SEC. 7. IDENTIFICATION, REVIEW, AND PUBLIC DISCLOSURE OF CERTAIN HUMAN 
              RIGHTS RECORDS.

    (a) In General.--Not later than 120 days after the date of the 
enactment of this Act, the head of each agency shall identify, review, 
and organize all human rights records regarding activities occurring in 
Guatemala and Honduras for the purpose of declassifying and disclosing 
such records to the public. Except as provided in section 5, all 
records described in the preceding sentence shall be made available to 
the public not later than 30 days after the date that a review under 
this section is completed.
    (b) Report to Congress.--Not later than 150 days after the date of 
the enactment of this Act, the President shall report to Congress 
regarding each agency's compliance with the provisions of this section.

SEC. 8. RULES OF CONSTRUCTION.

    (a) In General.--Notwithstanding any other provision of law, the 
provisions of this Act shall govern the declassification and public 
disclosure of human rights records by executive agencies.
    (b) Judicial Review.--Nothing in this Act shall be construed to 
preclude judicial review, under chapter 7 of title 5, United States 
Code, of final actions taken or required to be taken under this Act. 
For purposes of this Act, determinations by the Attorney General made 
on behalf of the President under section 4(a) shall be subject to the 
same standard of judicial review as determinations by the President.

SEC. 9. CREATION OF ADDITIONAL POSITIONS FOR APPEALS PANEL.
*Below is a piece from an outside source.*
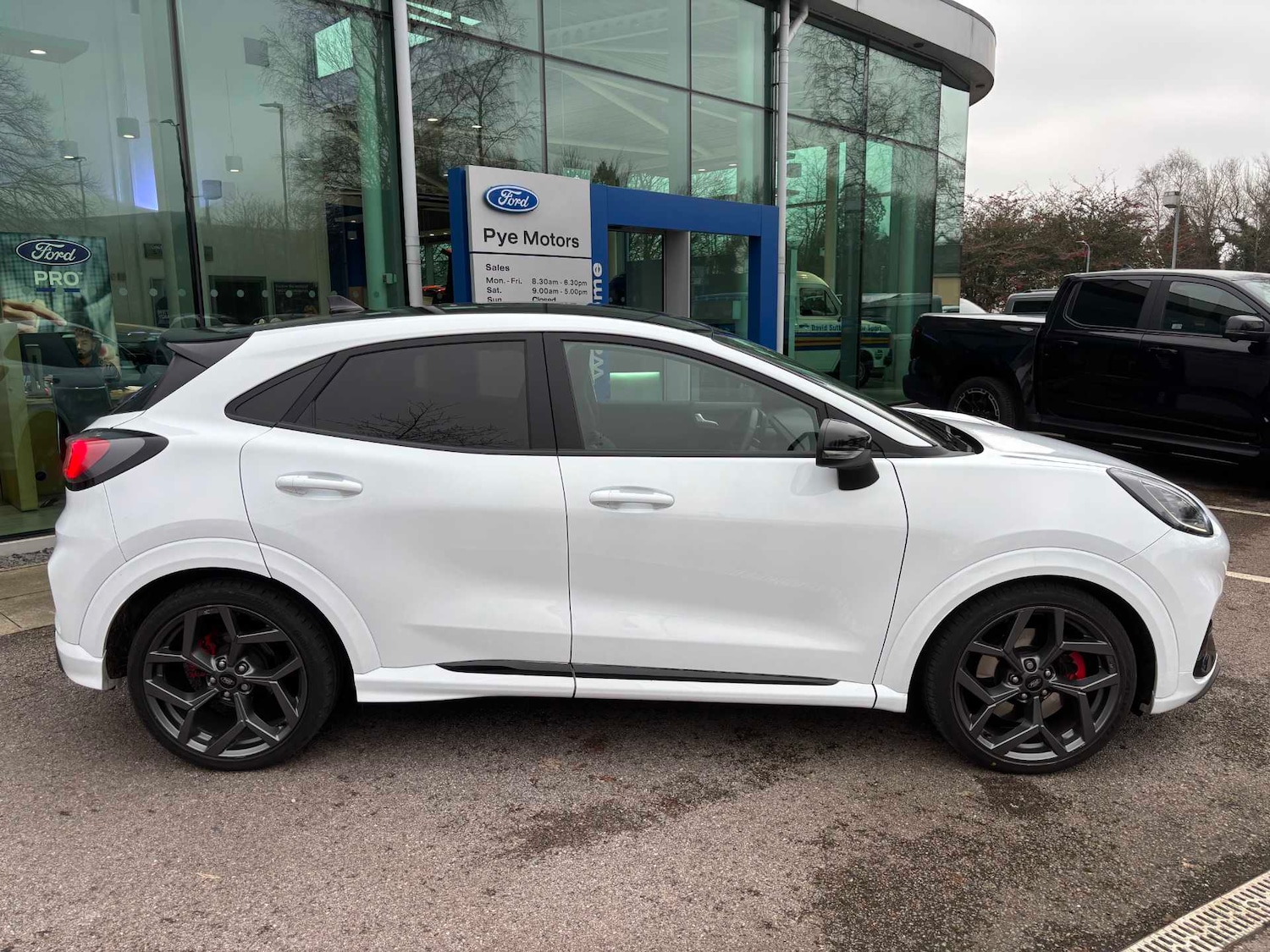 Used Ford Puma 2023 for sale - 77346981: Photo 8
    Two additional positions shall be created for the Appeals Panel 
solely for purposes of carrying out the provisions of this Act. In 
filling such positions, the President--
            (1) shall appoint individuals who--
                    (A) were not involved in making determinations that 
                could be reviewed by the Appeals Panel;
                    (B) have demonstrated substantial human rights 
                expertise; and
                    (C) are able to meet the security requirements for 
                such positions; and
            (2) shall seek recommendations with respect to such 
        positions from nongovernmental human rights organizations.